> **Task prompt**:
Beginning with the line that has "Used 2025 INFINITI" and ending with the line that has "2709 Lucas Lakes Lane Kissimmee FL 34744", retype the entries below exactly, except for the pictures.

> **Exercise input**:
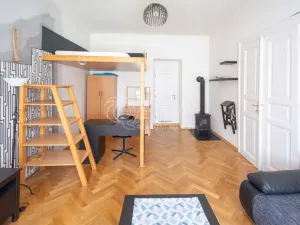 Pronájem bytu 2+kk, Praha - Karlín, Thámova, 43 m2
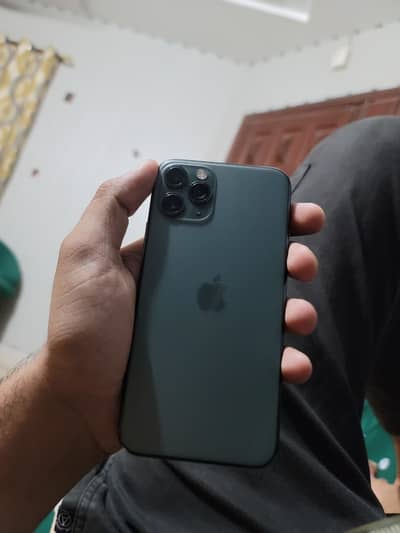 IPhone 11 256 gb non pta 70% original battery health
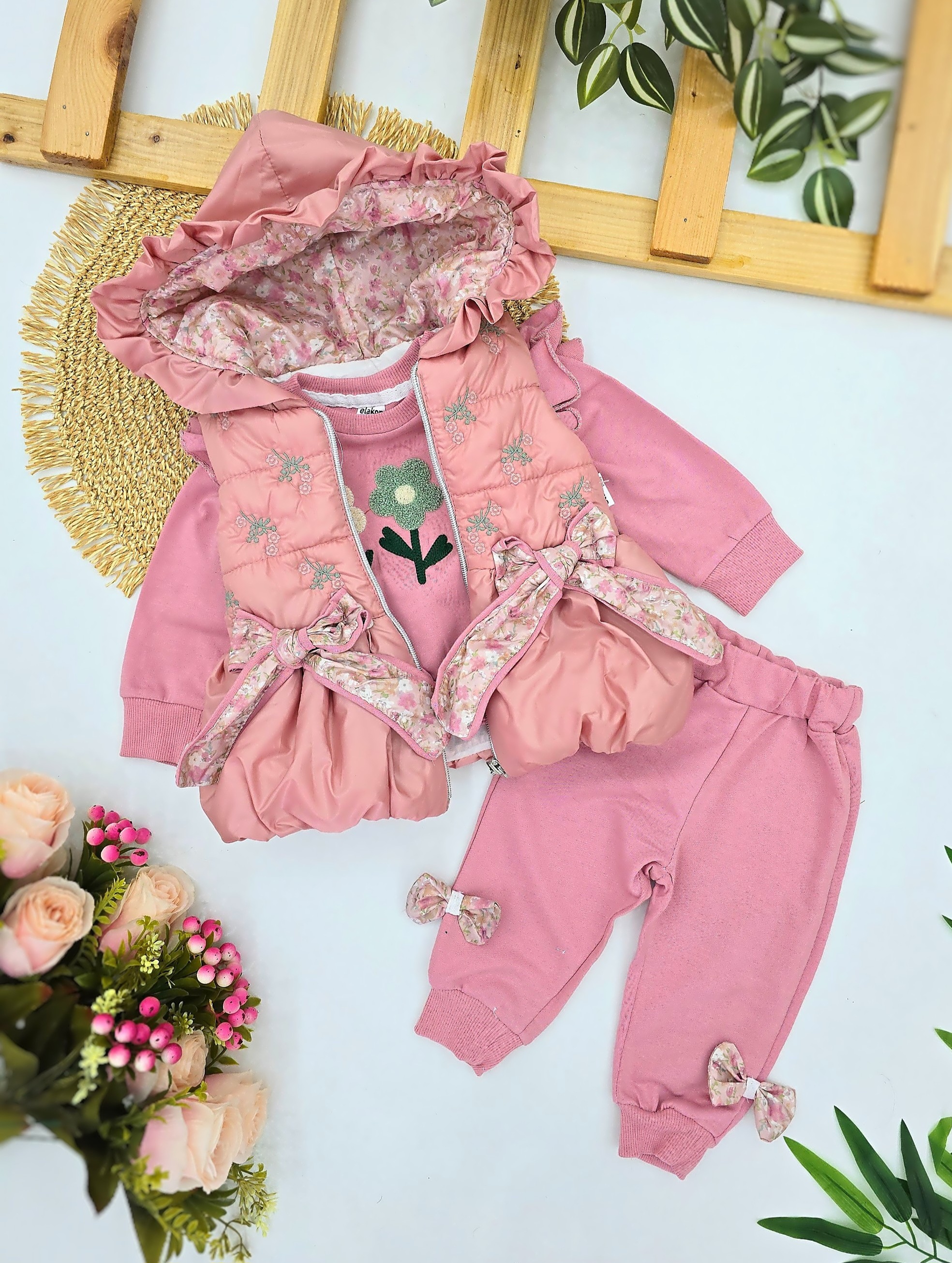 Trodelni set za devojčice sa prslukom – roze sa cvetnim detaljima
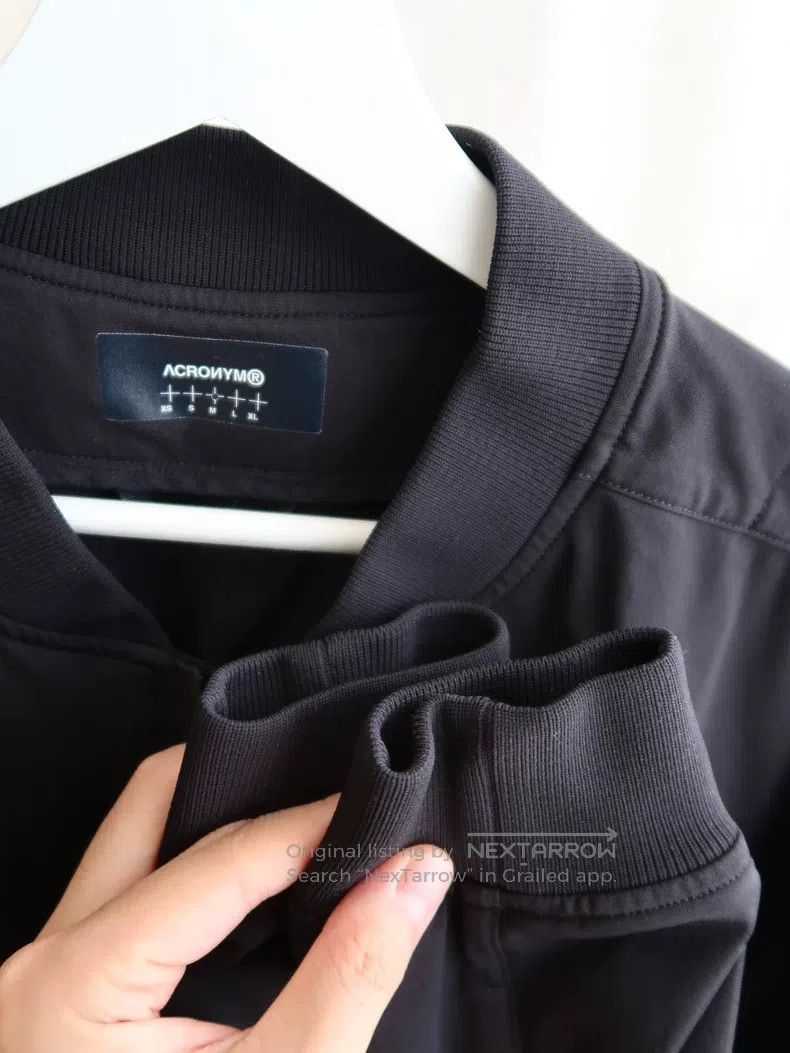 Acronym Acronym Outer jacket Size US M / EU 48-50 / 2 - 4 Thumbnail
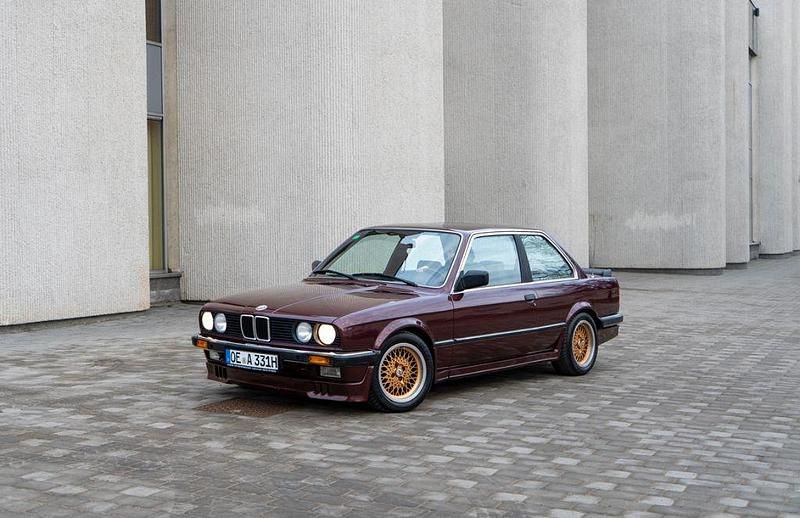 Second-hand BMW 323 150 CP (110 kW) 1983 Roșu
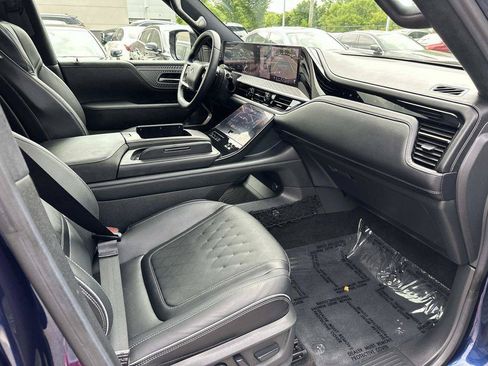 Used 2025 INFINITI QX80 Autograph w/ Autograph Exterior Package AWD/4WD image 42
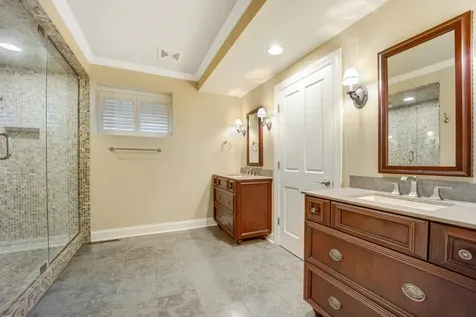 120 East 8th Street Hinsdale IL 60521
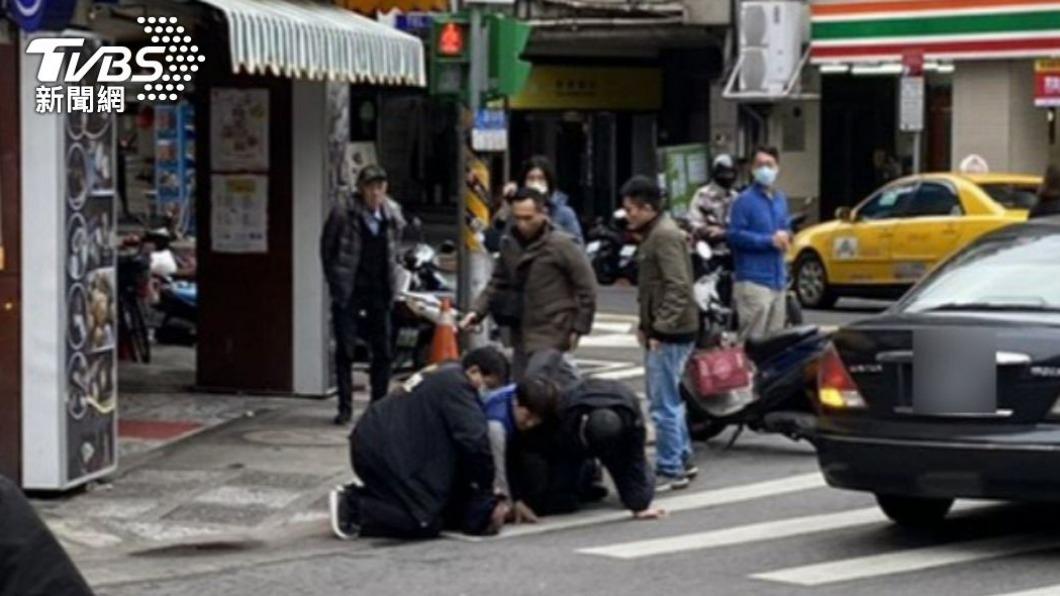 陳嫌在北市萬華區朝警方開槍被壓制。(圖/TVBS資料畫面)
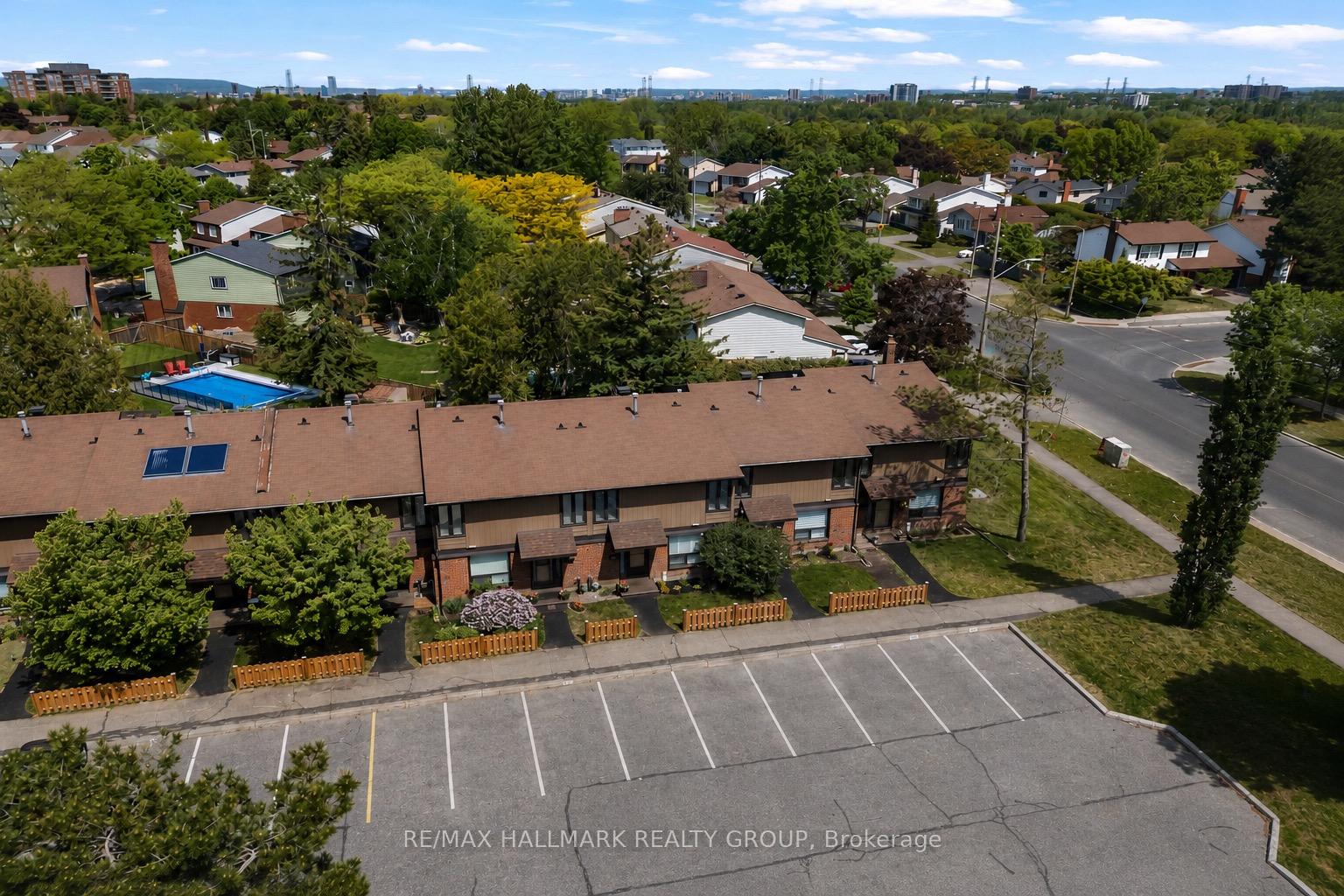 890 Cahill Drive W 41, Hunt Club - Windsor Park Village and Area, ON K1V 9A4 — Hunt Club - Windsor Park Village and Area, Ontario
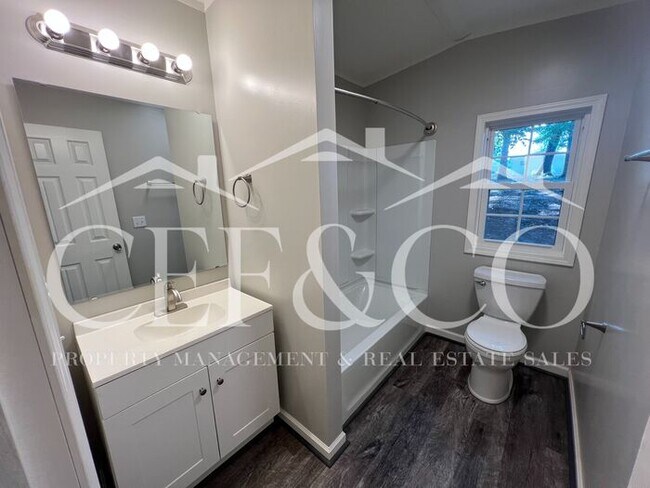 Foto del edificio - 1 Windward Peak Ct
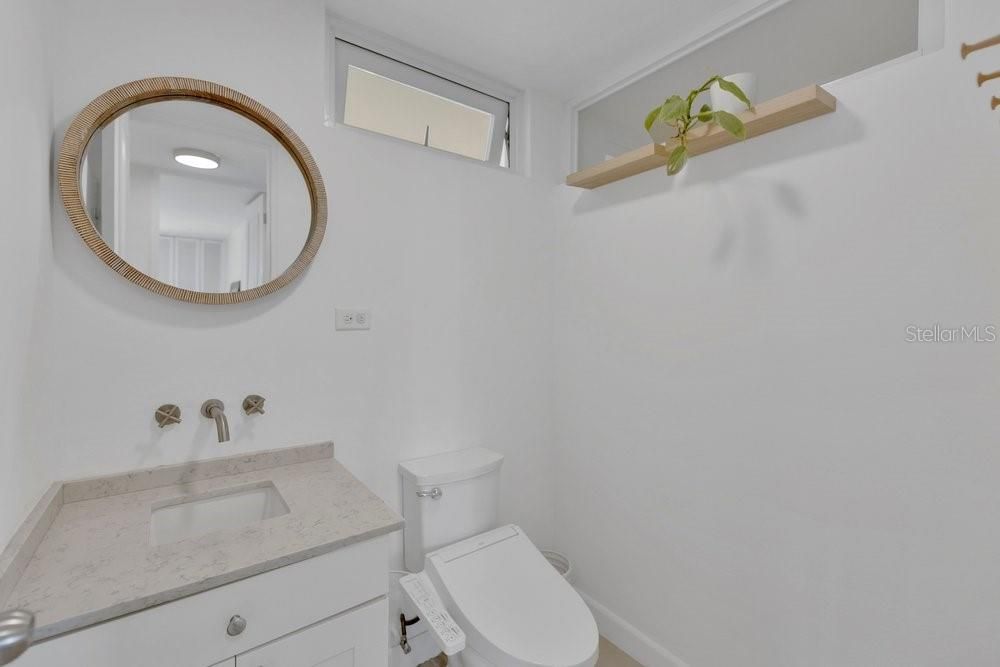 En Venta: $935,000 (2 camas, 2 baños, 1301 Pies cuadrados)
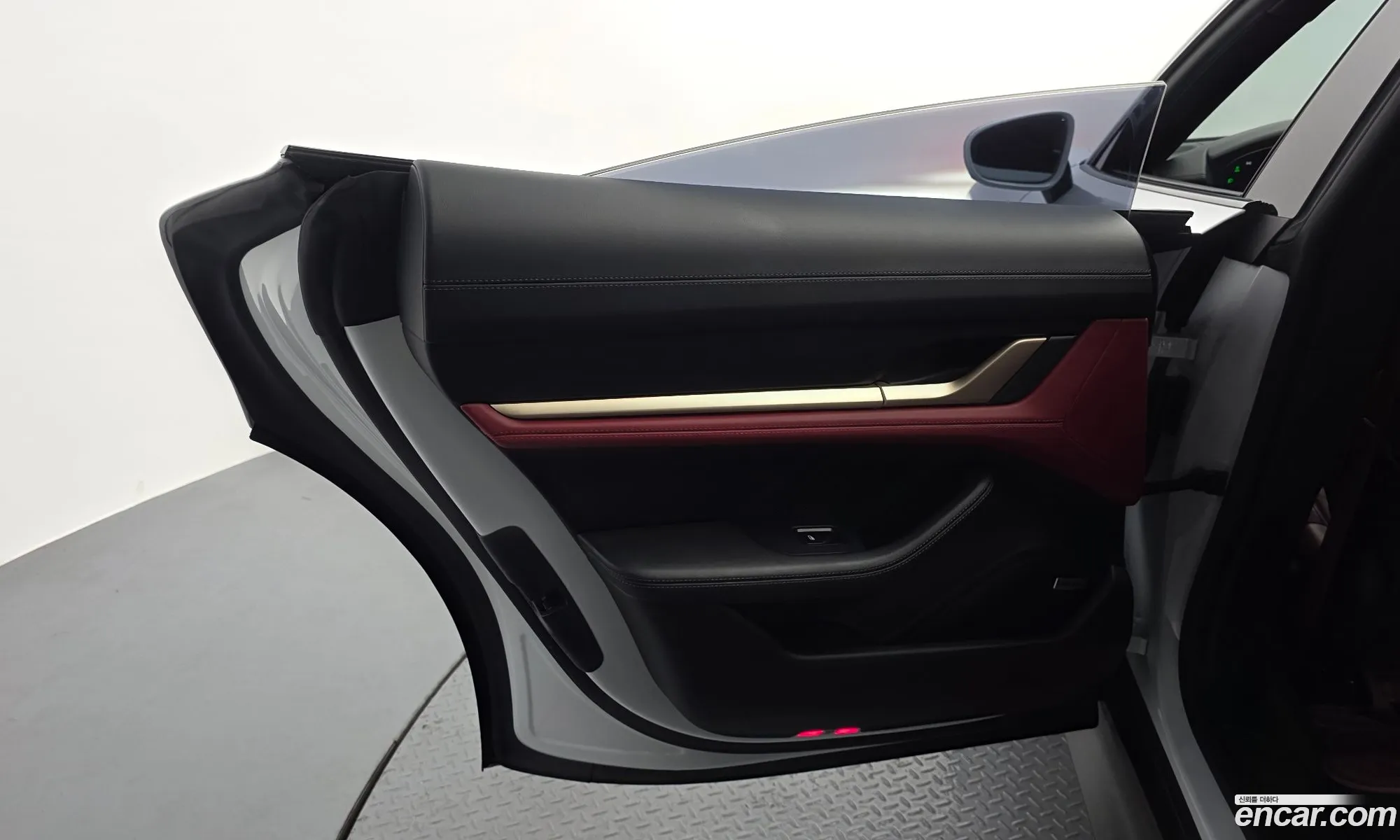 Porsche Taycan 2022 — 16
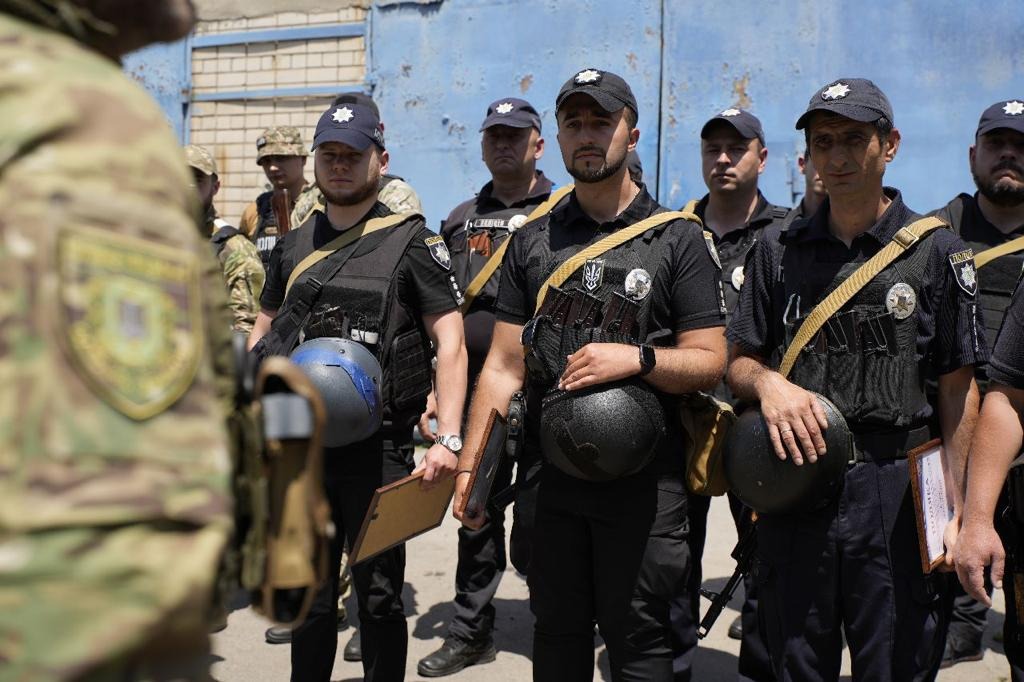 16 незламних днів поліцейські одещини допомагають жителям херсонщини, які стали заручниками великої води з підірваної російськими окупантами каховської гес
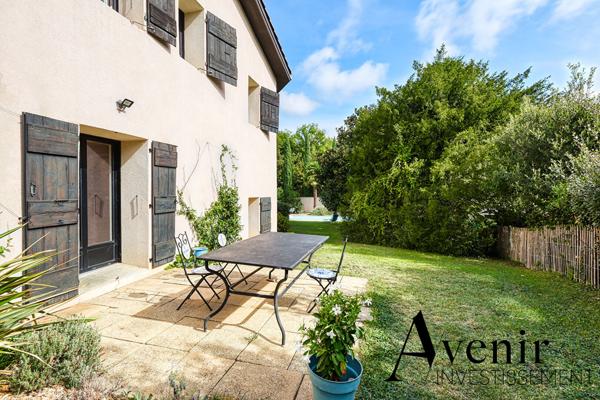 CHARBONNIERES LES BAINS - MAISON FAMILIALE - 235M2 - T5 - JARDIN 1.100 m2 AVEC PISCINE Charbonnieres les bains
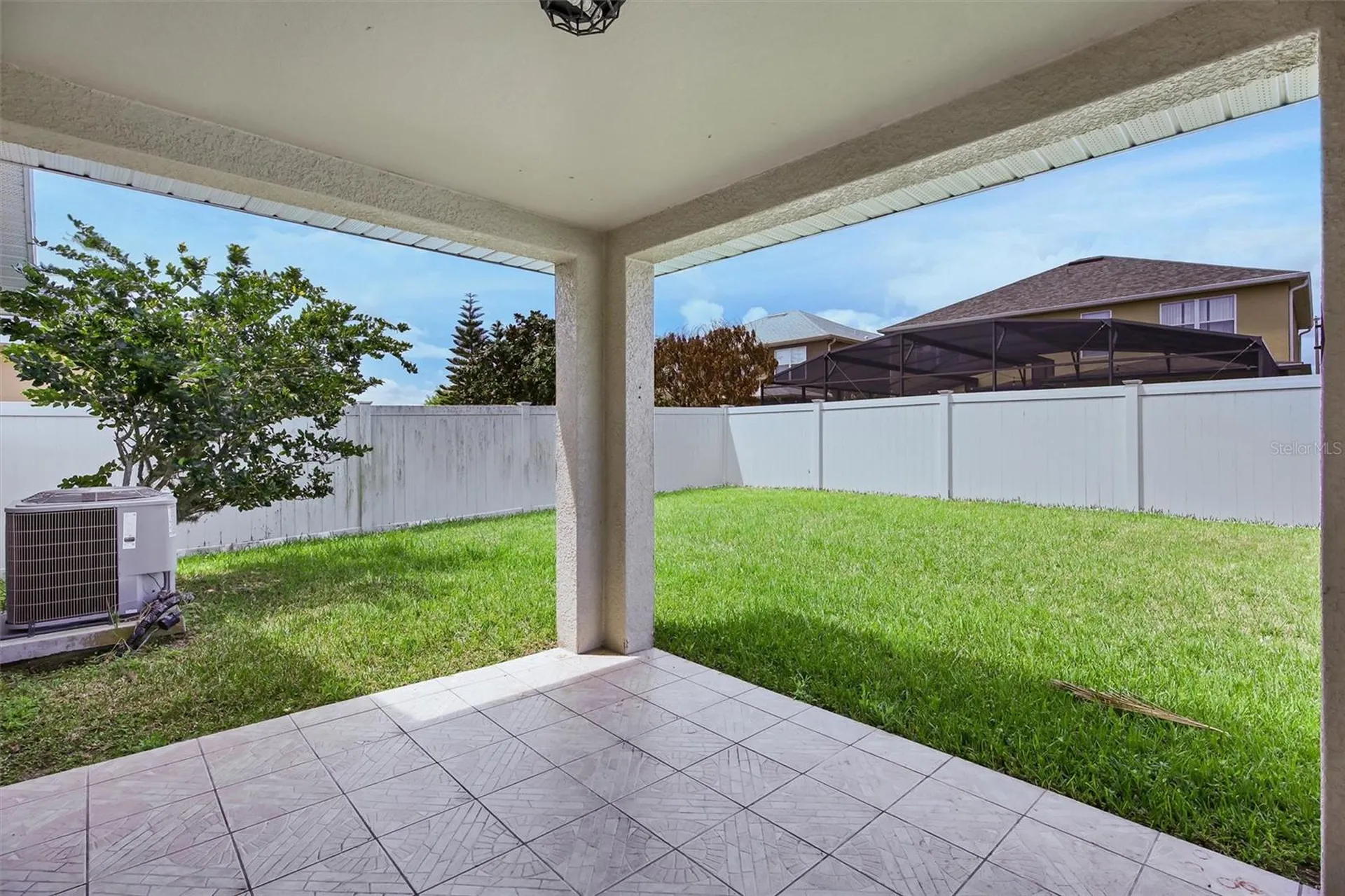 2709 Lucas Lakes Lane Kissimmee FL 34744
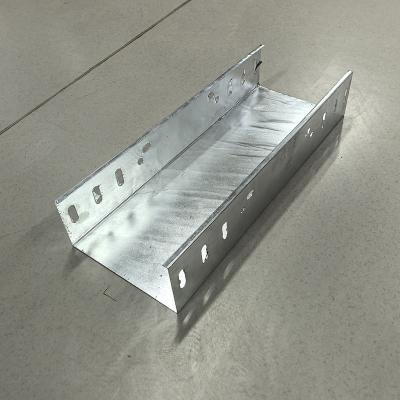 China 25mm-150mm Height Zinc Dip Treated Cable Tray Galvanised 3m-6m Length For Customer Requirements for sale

> **Answer to the problem**:
 Used 2025 INFINITI QX80 Autograph w/ Autograph Exterior Package AWD/4WD image 42
 120 East 8th Street Hinsdale IL 60521
 陳嫌在北市萬華區朝警方開槍被壓制。(圖/TVBS資料畫面)
 890 Cahill Drive W 41, Hunt Club - Windsor Park Village and Area, ON K1V 9A4 — Hunt Club - Windsor Park Village and Area, Ontario
 Foto del edificio - 1 Windward Peak Ct
 En Venta: $935,000 (2 camas, 2 baños, 1301 Pies cuadrados)
 Porsche Taycan 2022 — 16
 16 незламних днів поліцейські одещини допомагають жителям херсонщини, які стали заручниками великої води з підірваної російськими окупантами каховської гес
 CHARBONNIERES LES BAINS - MAISON FAMILIALE - 235M2 - T5 - JARDIN 1.100 m2 AVEC PISCINE Charbonnieres les bains
 2709 Lucas Lakes Lane Kissimmee FL 34744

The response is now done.